• **Aim of the task**
Copy out each line below exactly as it appears.

** Opening Data records block **

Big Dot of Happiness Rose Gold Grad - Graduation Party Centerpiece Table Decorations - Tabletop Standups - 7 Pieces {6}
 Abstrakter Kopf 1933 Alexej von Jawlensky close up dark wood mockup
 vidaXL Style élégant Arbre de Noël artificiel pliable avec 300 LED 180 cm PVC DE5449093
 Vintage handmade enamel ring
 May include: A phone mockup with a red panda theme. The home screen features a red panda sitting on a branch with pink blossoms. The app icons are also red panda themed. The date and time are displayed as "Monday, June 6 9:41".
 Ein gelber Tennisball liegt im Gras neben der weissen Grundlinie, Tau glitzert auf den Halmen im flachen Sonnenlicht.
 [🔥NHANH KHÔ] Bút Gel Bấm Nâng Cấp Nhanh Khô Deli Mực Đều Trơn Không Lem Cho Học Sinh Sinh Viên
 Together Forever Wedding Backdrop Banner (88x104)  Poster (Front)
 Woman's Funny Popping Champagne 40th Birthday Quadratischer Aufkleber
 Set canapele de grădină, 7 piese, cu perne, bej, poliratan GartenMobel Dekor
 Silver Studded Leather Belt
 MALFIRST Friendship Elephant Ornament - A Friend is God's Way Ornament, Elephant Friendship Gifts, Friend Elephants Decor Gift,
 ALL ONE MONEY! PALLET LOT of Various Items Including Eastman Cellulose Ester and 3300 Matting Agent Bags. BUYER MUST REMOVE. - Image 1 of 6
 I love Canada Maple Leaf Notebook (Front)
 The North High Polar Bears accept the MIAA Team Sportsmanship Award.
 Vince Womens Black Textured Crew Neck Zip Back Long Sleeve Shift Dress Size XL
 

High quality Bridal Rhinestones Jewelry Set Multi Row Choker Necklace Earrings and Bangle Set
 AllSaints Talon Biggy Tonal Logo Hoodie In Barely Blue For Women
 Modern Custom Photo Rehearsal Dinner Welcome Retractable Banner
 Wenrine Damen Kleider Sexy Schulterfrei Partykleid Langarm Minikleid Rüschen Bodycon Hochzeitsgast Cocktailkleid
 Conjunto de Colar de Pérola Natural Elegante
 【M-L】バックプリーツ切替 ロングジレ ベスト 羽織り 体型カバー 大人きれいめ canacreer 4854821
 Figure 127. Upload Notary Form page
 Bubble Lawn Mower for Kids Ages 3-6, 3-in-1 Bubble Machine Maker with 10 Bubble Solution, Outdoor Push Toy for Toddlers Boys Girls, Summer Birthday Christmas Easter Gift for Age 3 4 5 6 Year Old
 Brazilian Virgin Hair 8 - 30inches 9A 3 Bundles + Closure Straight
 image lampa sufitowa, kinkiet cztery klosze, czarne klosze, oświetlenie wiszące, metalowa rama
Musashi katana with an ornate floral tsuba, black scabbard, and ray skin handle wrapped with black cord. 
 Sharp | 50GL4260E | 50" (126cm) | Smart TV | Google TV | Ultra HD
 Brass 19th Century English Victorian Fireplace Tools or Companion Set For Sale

** Closing Data records block **

• **Final answer**
Big Dot of Happiness Rose Gold Grad - Graduation Party Centerpiece Table Decorations - Tabletop Standups - 7 Pieces {6}
 Abstrakter Kopf 1933 Alexej von Jawlensky close up dark wood mockup
 vidaXL Style élégant Arbre de Noël artificiel pliable avec 300 LED 180 cm PVC DE5449093
 Vintage handmade enamel ring
 May include: A phone mockup with a red panda theme. The home screen features a red panda sitting on a branch with pink blossoms. The app icons are also red panda themed. The date and time are displayed as "Monday, June 6 9:41".
 Ein gelber Tennisball liegt im Gras neben der weissen Grundlinie, Tau glitzert auf den Halmen im flachen Sonnenlicht.
 [🔥NHANH KHÔ] Bút Gel Bấm Nâng Cấp Nhanh Khô Deli Mực Đều Trơn Không Lem Cho Học Sinh Sinh Viên
 Together Forever Wedding Backdrop Banner (88x104)  Poster (Front)
 Woman's Funny Popping Champagne 40th Birthday Quadratischer Aufkleber
 Set canapele de grădină, 7 piese, cu perne, bej, poliratan GartenMobel Dekor
 Silver Studded Leather Belt
 MALFIRST Friendship Elephant Ornament - A Friend is God's Way Ornament, Elephant Friendship Gifts, Friend Elephants Decor Gift,
 ALL ONE MONEY! PALLET LOT of Various Items Including Eastman Cellulose Ester and 3300 Matting Agent Bags. BUYER MUST REMOVE. - Image 1 of 6
 I love Canada Maple Leaf Notebook (Front)
 The North High Polar Bears accept the MIAA Team Sportsmanship Award.
 Vince Womens Black Textured Crew Neck Zip Back Long Sleeve Shift Dress Size XL
 

High quality Bridal Rhinestones Jewelry Set Multi Row Choker Necklace Earrings and Bangle Set
 AllSaints Talon Biggy Tonal Logo Hoodie In Barely Blue For Women
 Modern Custom Photo Rehearsal Dinner Welcome Retractable Banner
 Wenrine Damen Kleider Sexy Schulterfrei Partykleid Langarm Minikleid Rüschen Bodycon Hochzeitsgast Cocktailkleid
 Conjunto de Colar de Pérola Natural Elegante
 【M-L】バックプリーツ切替 ロングジレ ベスト 羽織り 体型カバー 大人きれいめ canacreer 4854821
 Figure 127. Upload Notary Form page
 Bubble Lawn Mower for Kids Ages 3-6, 3-in-1 Bubble Machine Maker with 10 Bubble Solution, Outdoor Push Toy for Toddlers Boys Girls, Summer Birthday Christmas Easter Gift for Age 3 4 5 6 Year Old
 Brazilian Virgin Hair 8 - 30inches 9A 3 Bundles + Closure Straight
 image lampa sufitowa, kinkiet cztery klosze, czarne klosze, oświetlenie wiszące, metalowa rama
Musashi katana with an ornate floral tsuba, black scabbard, and ray skin handle wrapped with black cord. 
 Sharp | 50GL4260E | 50" (126cm) | Smart TV | Google TV | Ultra HD
 Brass 19th Century English Victorian Fireplace Tools or Companion Set For Sale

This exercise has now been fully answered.